Avec la création de l'OIT, puis de l'ONU, « la sécurité sociale est devenue un droit humain fondamental et a été codifiée comme telle dans des traités internationaux » comme le Pacte de l'ONU sur les droits économiques et sociaux de 1966, ainsi que le rappelle le Centre Europe Tiers monde (CETIM). Cependant, comme l'observe le CETIM, « 80 % de la population mondiale se trouve exclue, totalement ou partiellement, du système de la sécurité sociale. Pire, la mise en œuvre des politiques néolibérales au niveau planétaire, depuis trois décennies, va dans le sens d'un démantèlement ou, du moins, d'un affaiblissement de la sécurité sociale dans les pays où cette dernière avait été pourtant institutionnalisée et universalisée avec succès après la Seconde Guerre mondiale ».
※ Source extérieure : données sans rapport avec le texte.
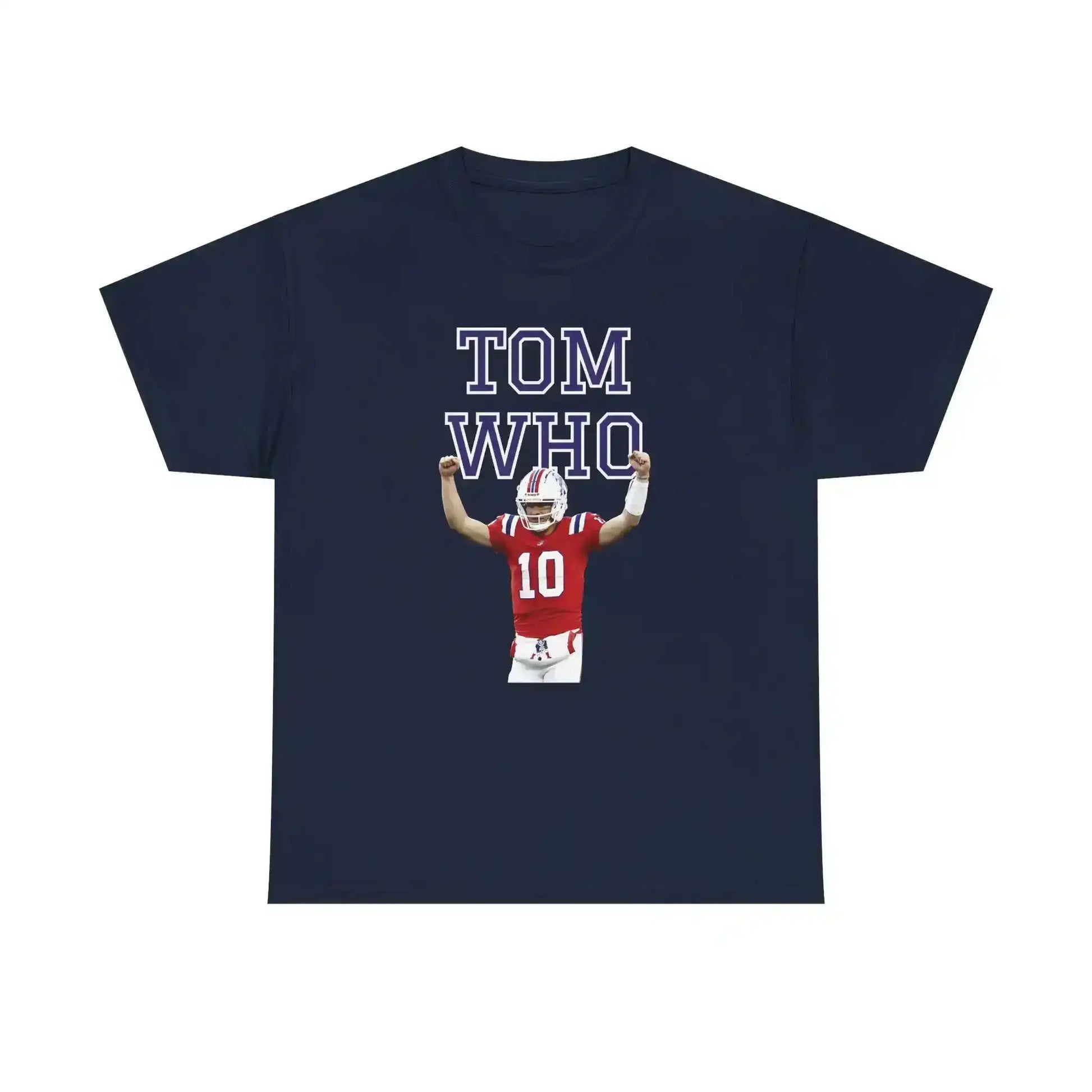  Tom Who Football Inspired - Unisex Tee - Cady Creations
Qu'en est-il aujourd'hui et quelles sont les tendances pour l'avenir ?

Un nouveau rapport de l'OIT donne des éléments de réponse. Sous-titré Protection sociale universelle pour l'action climatique et une transition juste, il associe deux problématiques importantes : le changement climatique et la protection sociale. En effet, les auteurs observent que si, désormais, plus de la moitié de la population mondiale est couverte par une forme de protection sociale, néanmoins 3,8 milliards de personnes, surtout dans les pays du Sud global, ne bénéficient toujours d'aucune forme de protection sociale.

Or, c'est un impératif, car cela fait partie des droits humains promus par l'ONU. Le droit à la santé, à la protection sociale, est un droit économique et social.

Les atteintes à l'environnement : accélérateurs d'inégalités sociales

Le changement climatique, la pollution et l'appauvrissement de la biodiversité, sont identifiés par les auteurs du rapport comme compromettant gravement l'avenir de la frange la plus vulnérable de la population mondiale. Le rapport appelle à y répondre d'urgence en « évoluant rapidement vers une transition juste », plus précisément en permettant l'avènement d'une « protection sociale universelle ». Car les pays pauvres – et leurs habitants – sont moins bien dotés que les pays riches pour faire face aux événements climatiques extrêmes et aux épidémies.

Toutefois, dans les régions favorisées, comme en Europe, inégalités sociales et environnementales s'alimentent également et les personnes les plus pauvres sont souvent plus durement touchées par les catastrophes écologiques ou par la précarité énergétique. Celles-ci sont plus exposés aux polluants et aux problèmes de santé environnementale. Mathilde Viennot, spécialiste des questions d'inégalités et de protection sociale, rappelle que les événements climatiques, tels que les inondations, ouragans, canicules, sécheresse, « ont causé 142.000 décès supplémentaires et coûté 510 milliards d'euros au continent européen au cours des 40 dernières années, selon l'Agence européenne de l'environnement. Ces chiffres ne cessent de croître et de mettre sous tension les modèles de protection et les systèmes de soins ».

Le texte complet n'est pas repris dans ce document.